Downloading the trained models

The models are stored in switchdrive and can be downloaded using the provided download.sh script:

bash download.sh

This will download the trained models and place them in the trained_models directory. It should contain the following files:

• checkpoint.pth - the trained model
• config.json - the configuration file used to train the model contains the model architecture and hyperparameters

Currently, we provide two models:

• 'cryolithe_pixel' - trained to recover the volume one pixel at a time
• 'cryolithe_21' - trained to recover the wavelet coefficients of the volume. Uses patches of size 21x21 from the projections.
• 'cryolithe_11' - trained to recover the wavelet coefficients of the volume. Uses patches of size 11x11 from the projections. The model is a bit faster but the reconstructions are slightly worse than the 21x21 model.

Note: The wavelet model is 8x faster than the sliceset model. However, the reconstruction looks sligthly low resolution compared to the sliceset model

Running the model

We are actively working on extending the model to support arbitrary tilt series, which will be released in an upcoming update.

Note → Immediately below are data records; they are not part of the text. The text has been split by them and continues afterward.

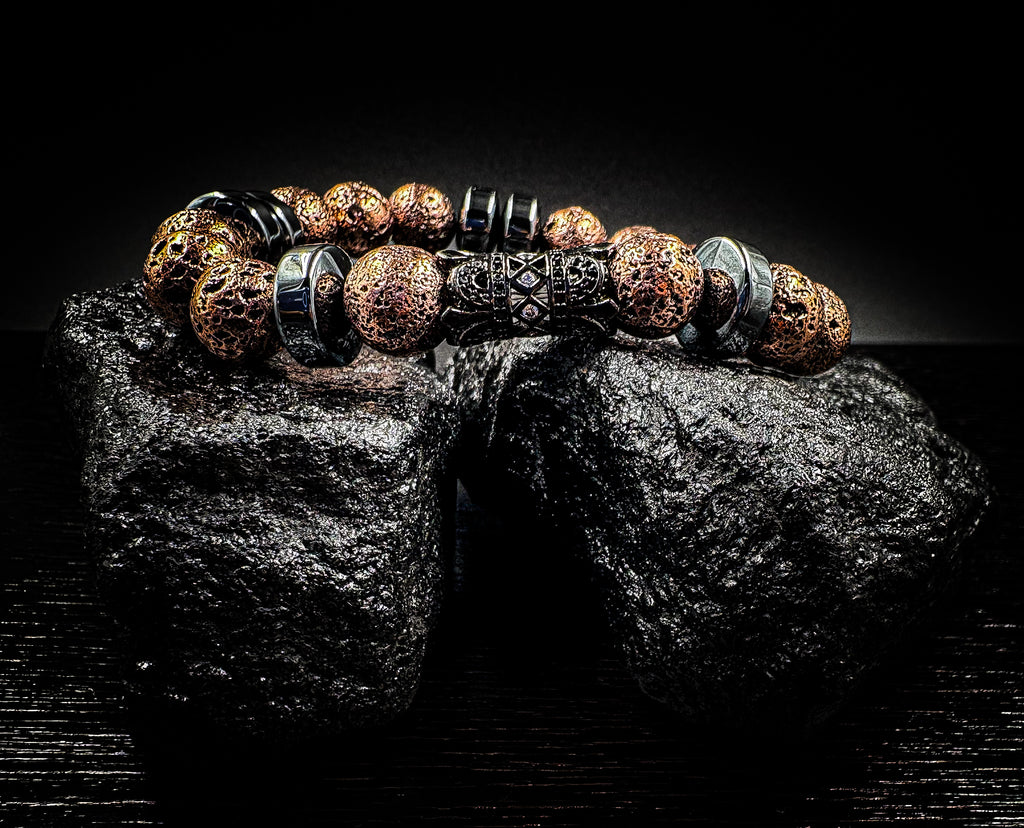 Men's Earth Grounding 10mm Volcanic Rock Healing Bracelet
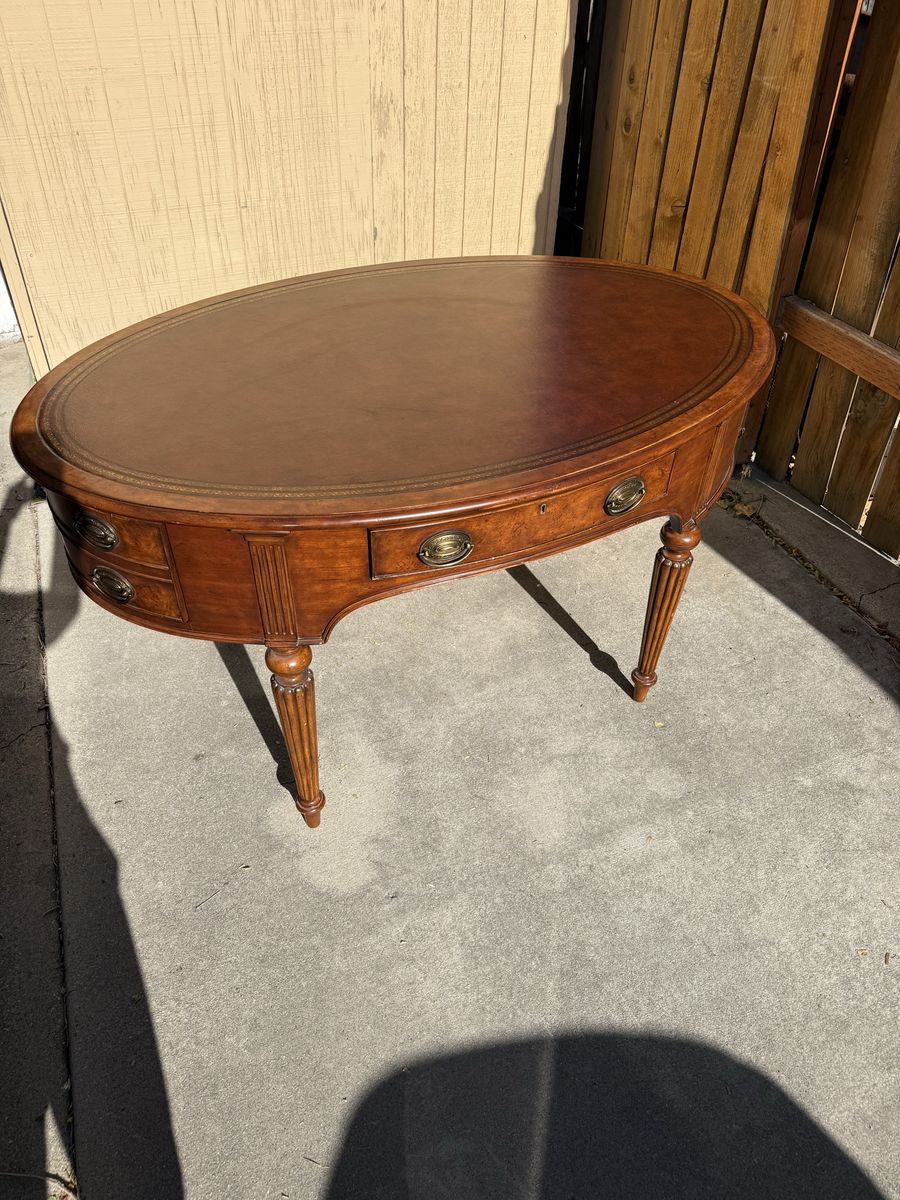 Thomasville mahogany + leather kidney bean shaped writing desk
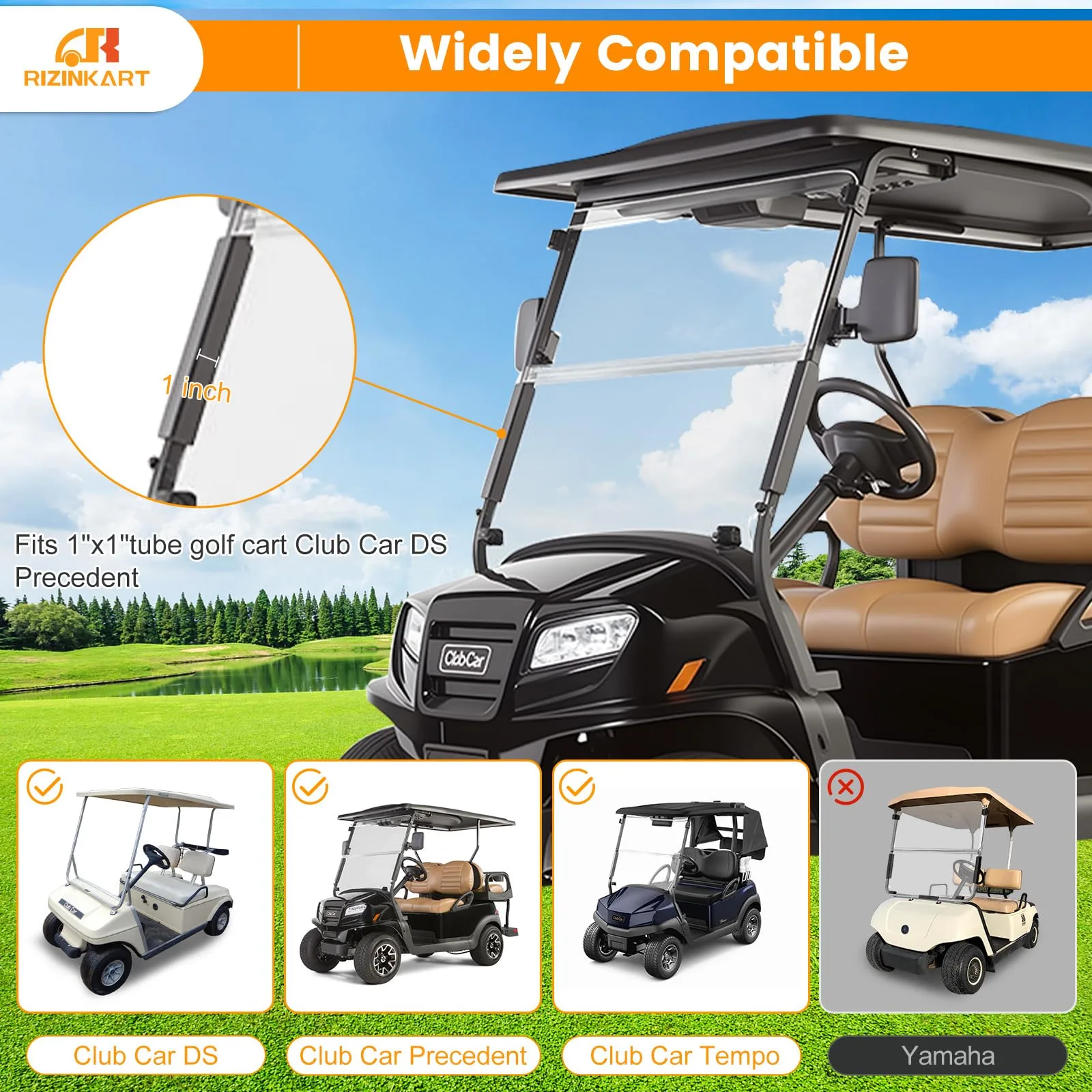 RIZINKART Windshield Sash Clips for Club Car DS, Precedent image 2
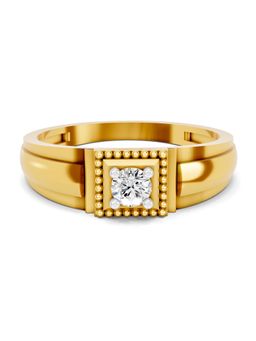SPARQ - Lab Grown Diamond 0.21Ct 925 Silver Gold Plated Elysian Solitaire Mens Ring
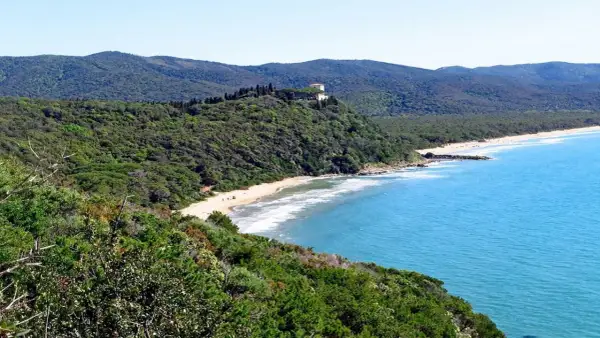 Spiaggia delle bandite di Scarlino, con mare azzurro, pineta lussureggiante e una villa in collina.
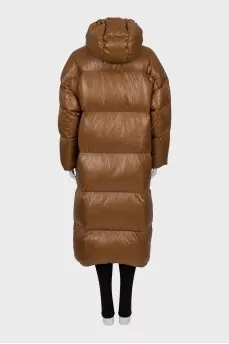 Quilted Maxi Down Jacket with Hood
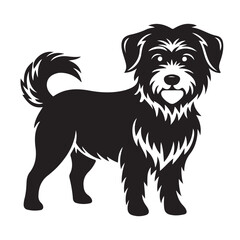 Dog Silhouette Vector – Cute Black Pet, Puppy Icon, Animal Graphic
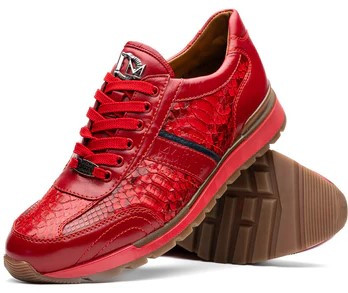 Marco Di Milano ''Brescia'' Red Genuine Python and Calfskin Fashion Sneakers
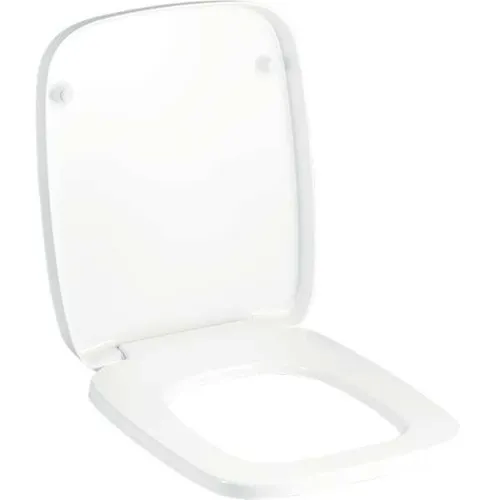 Toilettendeckel Silk mit Absenkautomatik - WC-Sitz aus Duroplast in Weiß, mit verchromten Messingscharniere und Absenkautomatik für sanftes Schließen, ideal für hygienische und unkomplizierte Nutzung.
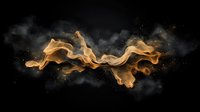 Glowing golden smoke wave flows horizontally across dark background with sparkling particles and mystical atmospheric effect creating dramatic abstract design.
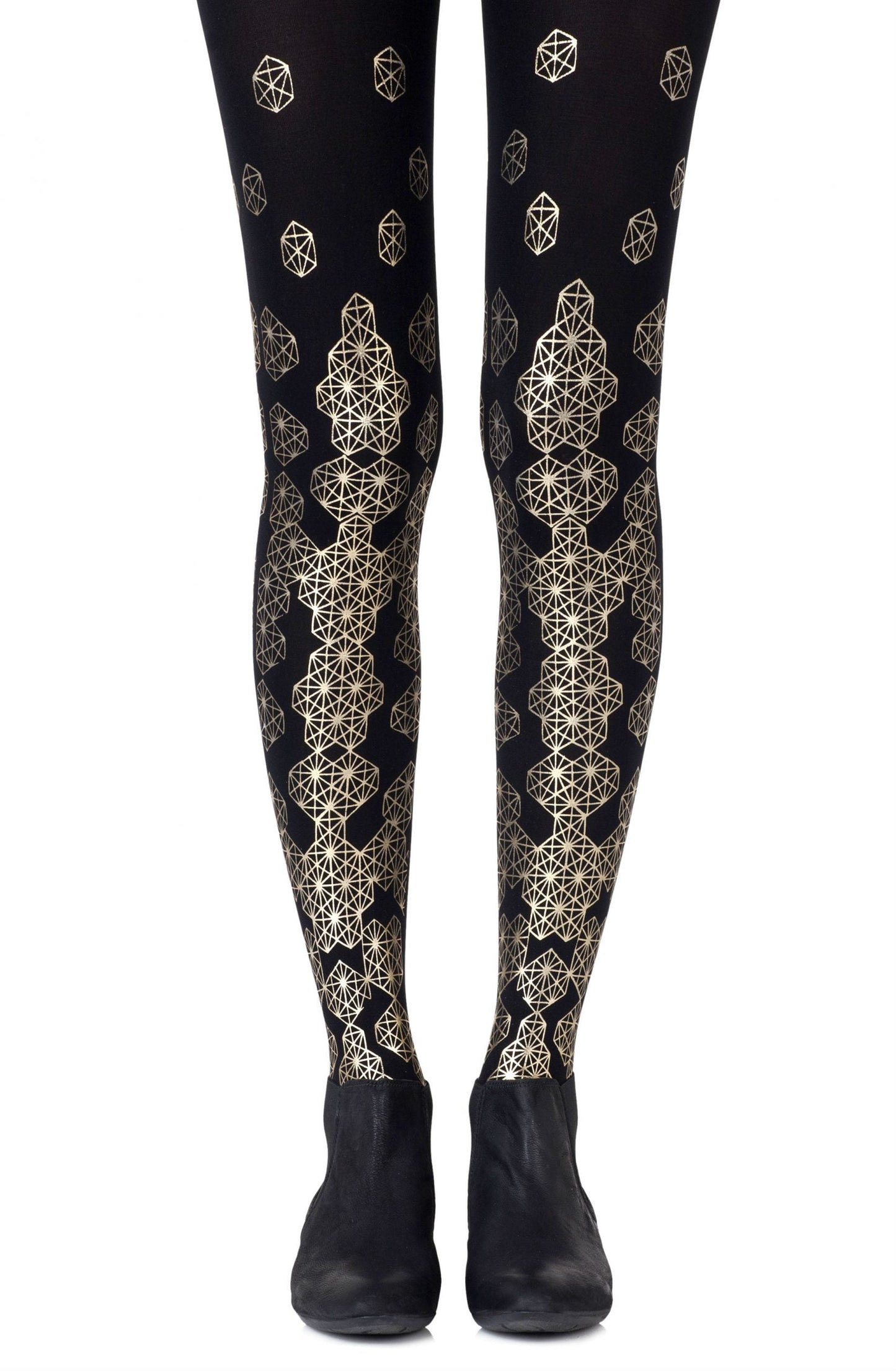 Queen Bee Gold Print Tights Hosiery Tights
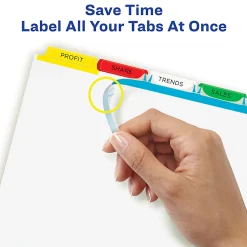 Avery® Customizable Index Maker® Dividers For 3 Ring Binder, Easy Print & Apply Clear Label Strip, 5 Tab, Multicolor, Box Of 25 Sets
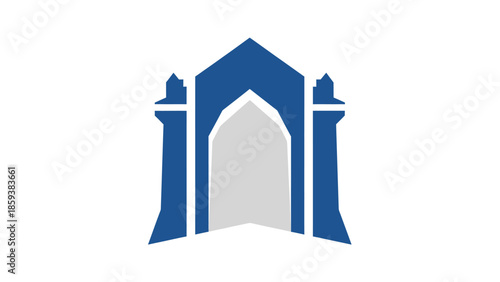 Stylized architectural design with blue and gray geometric shapes on a white background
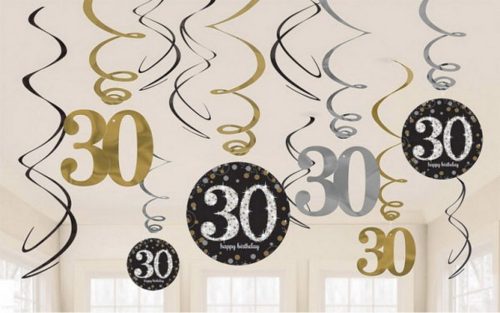 Happy Birthday Gold 30 Szalag dekoráció 12 db-os szett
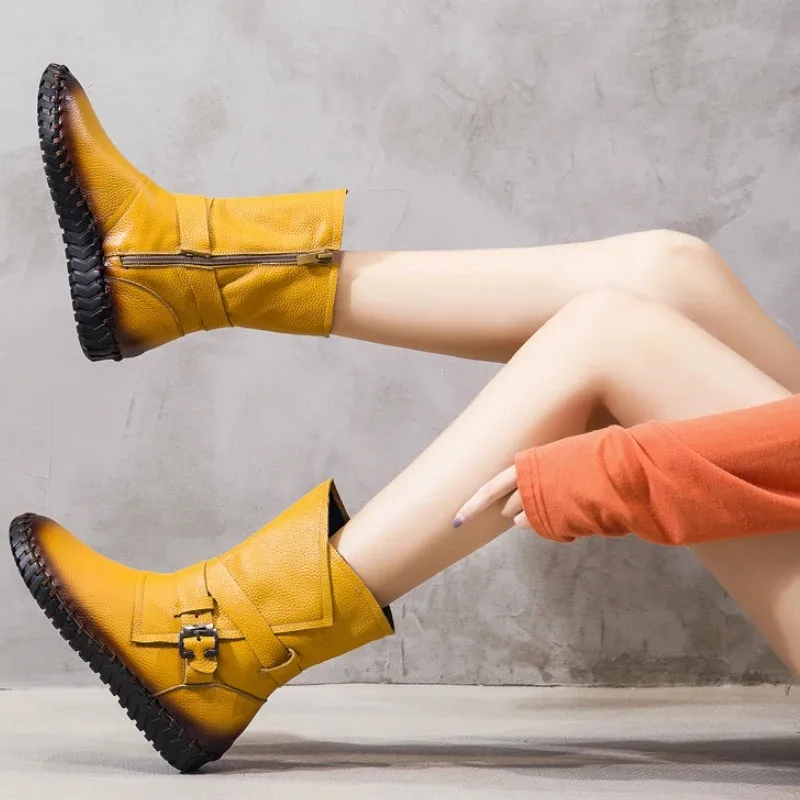 

TIMETANG Winter New Style Side Zipper Handmade Leather Boots large Size flat Women's Shoes Long Boots Women's Boots Martin Boots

The script 'super.py' is used to run the trained model on any new projection of choice. The script requires a configuration file that contains the necessary information to run the model. The configuration file is a yaml file that contains the following fields:

• 'model_dir' - path to the directory containing the trained model
• 'proj_file' - path to the projection file
• 'angle_file' - path to the angles file
• 'save_dir' - path to the directory where the output will be saved
• 'save_name' - name of the output volume
• 'device' - device to run the model on (cpu or cuda)
• 'downsample_projections' - Whether to downsample the projections or not
• 'downsample_factor' - factor by which to downsample the volume
• 'anti_alias' - whether to apply anti-aliasing to the projections or not
• 'N3' - The size of the volume along the z-axis
• 'batch_size' - batch size to use when running the model

The script can be run using the following command:

python3 super.py --config <path_to_config_file>

A sample yaml file is provided as 'ribo80.yaml' which contains the necessary information to run the model on the ribosome dataset.

Running the model on the ribosome dataset

Download the ribosome dataset using the provided script:

bash download_ribosome.sh

This will download the ribosome dataset and place it in the data directory. The dataset contains the following files:

• projections.mrcs - the projections of the ribosome dataset
• angles.tlt - the angles of the projections

The data is downloaded from the EMPIAR 10045 dataset and is a subset of the full dataset.

To run the script, use the following command:

python3 super.py --config ribo80.yaml

Using the Wavelet Model

Run the script using the following command:

python3 super.py --config ribo80_wavelet.yaml

Running the model on a list of projections

The script super-list.py is used to run the trained model on a list of projections. Additionally, we provide a yaml file that can run the model on a list of projections. In the ribo80_list.yaml file, you can specify multiple projection files, angle files, save names and N3 values for each projection. The script will then process each set of files in the list and save the corresponding volumes. Note that in the example yaml file, we are running the model on the same data twice, but you can modify it to have different projection data. You need to change the following fields in the yaml file:

• proj_file - list of paths to the projection files
• angles_file - list of paths to the angles files
• save_name - list of names for the output volumes
• N3 - list of sizes for the volumes along the z-axis

You can run the script using the following command:

python3 super-list.py --config ribo80_list.yaml

Downloading the older models

If you want to use the older models, you can download them using the provided download_old.sh script:

bash download_old.sh